Thursday, September 26, 2013

Port Manatee's problems aren't going away

Under normal circumstances, news that a corporate communications manager had been let go would not merit more than a passing glance.
Not in the case of Julie Yeh.
Yeh happened to be the spokesperson for Port Manatee, which you may have noticed has been making headlines the last few months and not all of them good.
To revisit:
  • First there was the June 11 arrest of port employee Robert B. Armstrong, who was fired and charged with stealing thousands of dollars of port property.
  • Two weeks later, Robert J. Armstrong, his father and the port's No. 2 man, was fired and charged with a single count as an accessory after the fact after returning said stolen property to the port.
  • Then on Sept. 27 Carlos Buqueras, the port's executive director, was arrested on a domestic battery charge.

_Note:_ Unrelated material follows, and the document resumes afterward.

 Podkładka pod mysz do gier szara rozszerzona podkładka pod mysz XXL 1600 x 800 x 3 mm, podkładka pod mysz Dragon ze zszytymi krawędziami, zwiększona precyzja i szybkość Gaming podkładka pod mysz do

So when word got out that another port executive had been fired, Julie Yeh's name was not the one the public probably had in mind.
Her termination was a "performance-based decision," was the official reason rendered.
Hmmm.
Given the roiling waters surrounding Port Manatee management these days, pardon me if I take that explanation with a dose of salt.

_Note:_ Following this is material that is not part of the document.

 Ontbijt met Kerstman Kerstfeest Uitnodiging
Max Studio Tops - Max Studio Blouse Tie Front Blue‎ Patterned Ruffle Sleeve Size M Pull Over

It just so happens Yeh alleged in a June letter to Buqueras she'd been "illegally bullied and intimidated" by the elder Armstrong,  when he was still port deputy executive director and chief financial officer.
That couldn't have something to do with her unceremonious exit, could it?

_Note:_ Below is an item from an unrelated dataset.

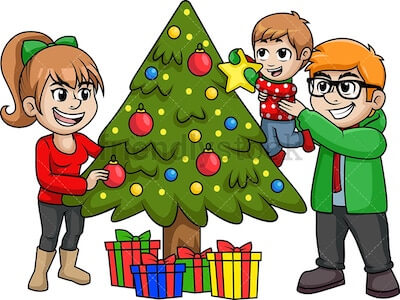Family Decorating Christmas Tree Clipart by Friendly Stock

Can't have someone in her position making allegations about cover-ups and how the elder Armstrong bullied others into looking the other way when it came to junior's shenanigans.
Naturally, Armstrong denies it.
Well, it'd be one thing if this was the first time we've heard accusations about a "hostile work environment." improper behavior by superiors and so forth.
But it's not.
A woman named Jill VanderPol filed a similar complaint with port management last winter.
She eventually resigned.
Her job?
Port communications manager.
A coincidence?
I think not, especially viewed in the context of the series of events preceding it.
Sacking the messenger doesn't alleviate the growing perception something is wrong with the culture of Port Manatee's administration.
This just made it worse.

1 comment:

  1. Just wondering how Manatee County Commissioner Carol Whitmore, who leads the Port Authority board, isn't mentioned? Or Dave Sanford, the port's interim chief of staff, Sanford that signed Yeh's termination letter. In particular Whitmore who responded in previous media articles with an attitude of "it's been going on for years." HUH & HMM!!